Hi All,
Thanks in advance for anyone who can shed a light on this issue.
We have an EMC storage that hosts ESXi and Hyper-V. During firmware update (VAAI related), ESXi hosts had no issue but Hyper-V host lost all LUNs except one. We have Hyper-V cluster managed by failover cluster manager. On one of the Hyper-V host, B01, only
one LUN was there. After B01 was restarted manually, all VMs were back up running.
Storage support people advised that all upgrade was clean per their logs. Also ESXi hosts were running fine. Now that the Hyper-V Hosts are running ok, but still I like to know what happened. My guess is maybe BL01 locked LUNs for some reason and BL01 can't
provide service either in the mean time. Any comment or idea on this? Thanks.
B01 system log:
10:21 am
The description for Event ID 37 from source mpio cannot be found. Either the component that raises this event is not installed on your local computer or the installation is corrupted. You can
install or repair the component on the local computer.
If the event originated on another computer, the display information had to be saved with the event.

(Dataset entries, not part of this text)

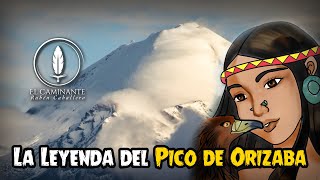 La Leyenda del Pico de Orizaba  Nahuani y Ahuilizapan  Mitología Prehispánica [upl. by Nimrac]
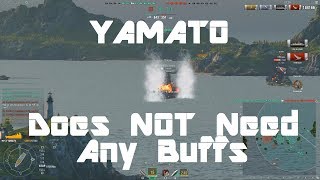 Yamato  Does NOT Need Any Buffs [upl. by Alohs549]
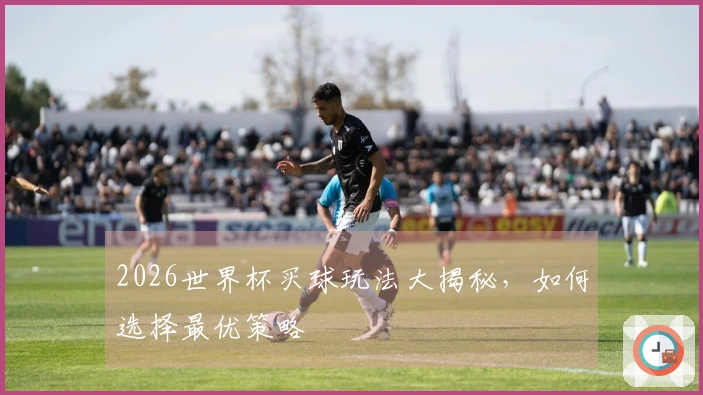 2026世界杯买球玩法大揭秘，如何选择最优策略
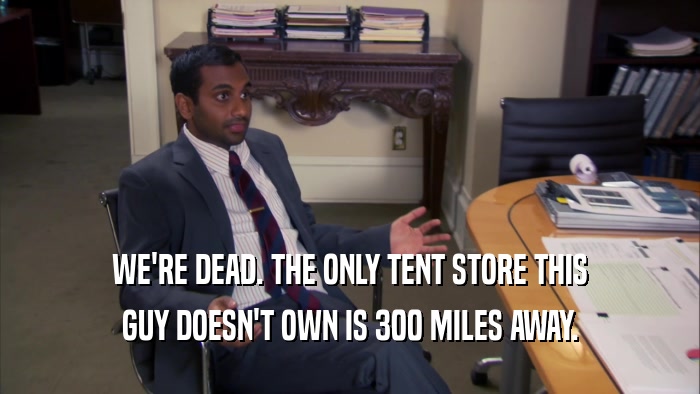 WE'RE DEAD. THE ONLY TENT STORE THIS GUY DOESN'T OWN IS 300 MILES AWAY. 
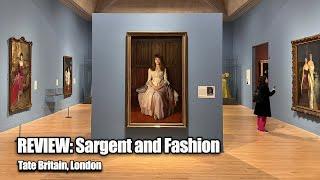 REVIEW - John Singer Sargent Portrait Painter - Tate Britain London.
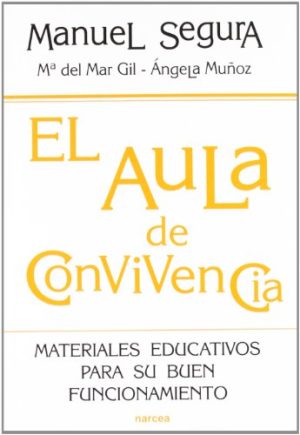 Aula De Convivencia, El: Materiales Educativos Para Su Buen Funcionamiento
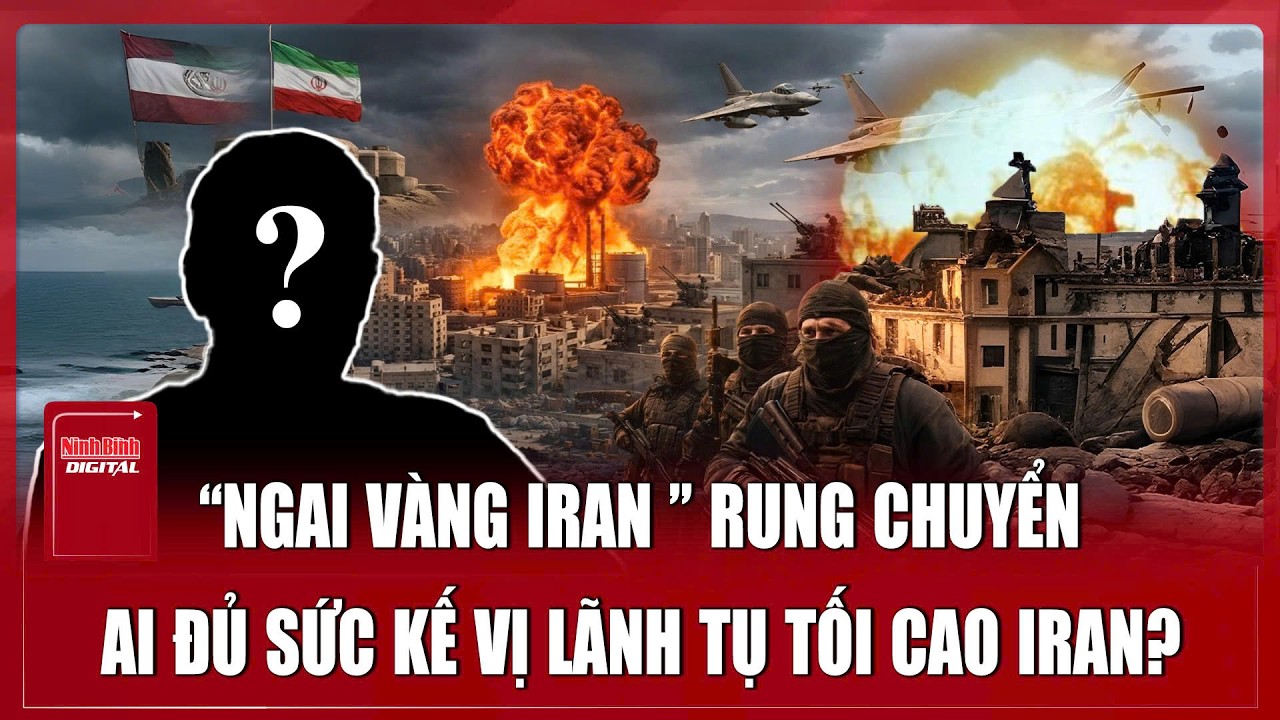 Hé lộ nhân vật “đủ dũng cảm” điều hành Iran sau khi ông Khamenei qua đời?  | Ninh Bình Digital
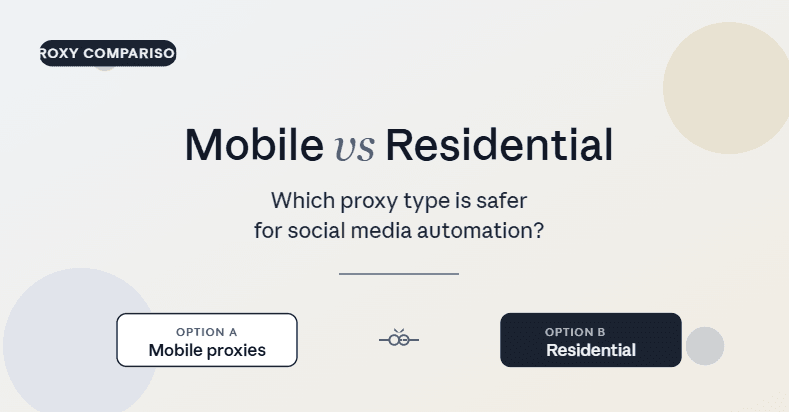 Mobile Proxies vs Residential Proxies for Social Media Automation: Which Is Safer?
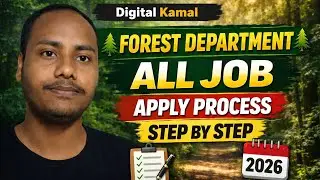 Forest Department All Jobs 2026 | Apply Process Step by Step | Digital Kamal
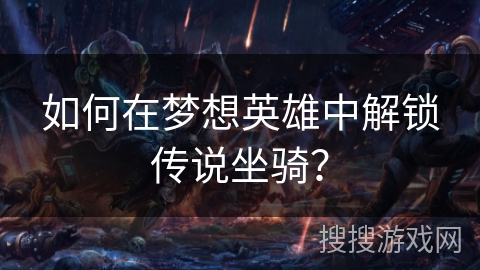 如何在梦想英雄中解锁传说坐骑？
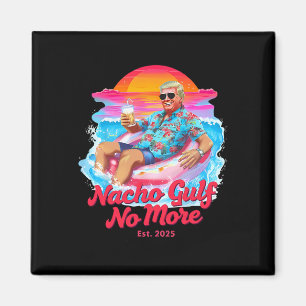 Rolig Trump Float Grafik - Nacho Gulf No More Mem Magnet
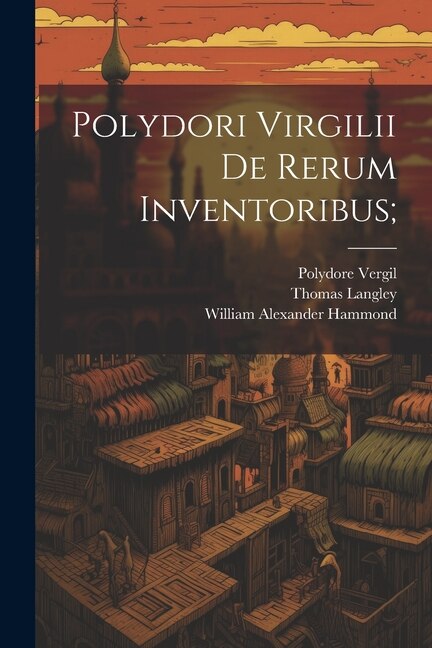 Couverture_Polydori Virgilii De Rerum Inventoribus;
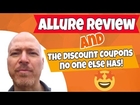 Allure Review and Exclusive Discount Coupons (which no one else has!)
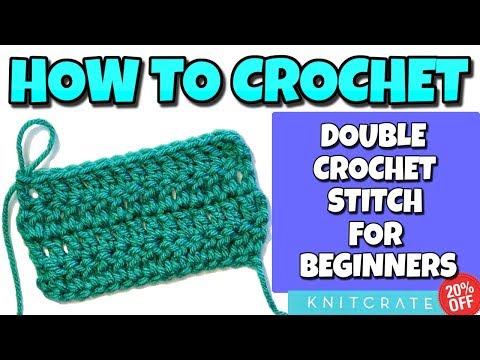 How to Crochet For Absolute Beginners | Double Crochet Stitch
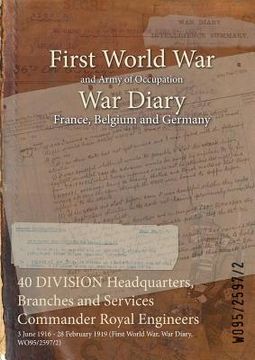 portada 40 DIVISION Headquarters, Branches and Services Commander Royal Engineers: 3 June 1916 - 28 February 1919 (First World War, War Diary, WO95/2597/2) (en Inglés)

The following information was included with the event:
\Device\MPIODisk2
Microsoft DSM
The resource loader failed to find MUI file
10:30:42 am
Event ID: 70
Initiator failed to connect to the target. Target IP address and TCP Port number are given in dump data.
10:42:54 am
Event ID: 5120
Cluster Shared Volume 'Volume5' ('Cluster Disk 4') is no longer available on this node because of 'STATUS_VOLUME_DISMOUNTED(c000026e)'. All I/O will temporarily be queued
until a path to the volume is reestablished.
10:43:06 am
Event ID: 20
Connection to the target was lost. The initiator will attempt to retry the connection.
11:46:32 am
Event ID: 113
Failed to allocate VMQ for NIC 4B8980C7-7EAC-449D-B614-5B0B00993C8D--449703B5-1D3A-4F4D-86F4-AD1147583C35 (Friendly Name: VFILE) on switch 6813D4F6-D891-4A4C-8037-CDF2B5DF5219
(Friendly Name: Villa Cluster Logical Switch). Reason - Maximum number of VMQs supported on the Protocol NIC is exceeded. Status = Insufficient system resources exist to complete the API.
12:24:45 pm
Event ID:5120
Cluster Shared Volume 'Volume3' ('Cluster Disk 5') is no longer available on this node because of 'STATUS_MEDIA_WRITE_PROTECTED(c00000a2)'. All I/O will temporarily be queued
until a path to the volume is reestablished.
12:27:36 pm
Event ID: 39
Initiator sent a task management command to reset the target. The target name is given in the dump data.
12:28:24 PM
Event ID: 153
The IO operation at logical block address 0xed8c5b50 for Disk 3 was retried.
12:28:24 pm
Event ID: 140
The system failed to flush data to the transaction log. Corruption may occur in VolumeId: LUN3, DeviceName: \Device\HarddiskVolume586.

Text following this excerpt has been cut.